Un año han empleado los partidos políticos para ponerse de acuerdo sobre la Ley de Transparencia y no lo han conseguido. La norma se vota hoy en el Congreso de los Diputados y, previsiblemente, saldrá adelante con el voto en contra del PSOE, el principal partido de la oposición.
Era ésta una de las leyes estrella prometidas por Rajoy, pero ya se sabe lo que ocurre con las promesas del presidente: se convierten en lo contrario de lo que prometen. Esta ley llega además tarde, y no sólo por lo asombroso que resulta que se discuta sobre la obligada transparencia que debe presidir el comportamiento de personas e instituciones que se nutren de los impuestos cuarenta años después del retorno a la democracia.También porque durante el año que se ha demorado su tramitación, a pesar de las expectativas de mejorar el gobierno de la res pública con la que se presentó, se han ido destapando una tras otra no pocas sentinas de corrupción pública que bien merecería la situación que la ley se echara a la papelera y se empezara de cero.
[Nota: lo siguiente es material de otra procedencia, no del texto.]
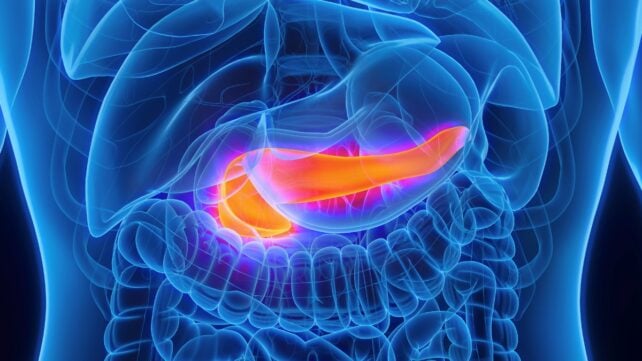 A glowing orange pancreas illustrated inside a human body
Ejemplo diáfano de la opaca transparencia de la ley es que, a pesar de reconocer el derecho a la información, le impone un largo listado de restricciones que van desde la seguridad nacional al secreteo profesional pasando por la seguridad pública, la prevención, las garantías de los procesos judiciales o los intereses económicos y comerciales. En resumen, un derecho a la información lleno de pegas y restricciones que lo convierten en puro papel mojado sin contenido práctico y efectivo alguno.
El Gobierno se arroga también proponer al presidente del pomposo e “independiente” Consejo de Transparencia y Buen Gobierno, que supuestamente debe velar por el cumplimiento de la Ley de Transparencia: lo nombrará por mayoría el Congreso a propuesta del Ministerio de Hacienda y Administraciones Públicas. ¿Independiente? ¿De quién?
Más, qué Ley de Transparencia cabe esperar de un Gobierno cuyo presidente lleva meses guardando silencio contumaz y cómplice sobre el caso de corrupción más grave de la democracia.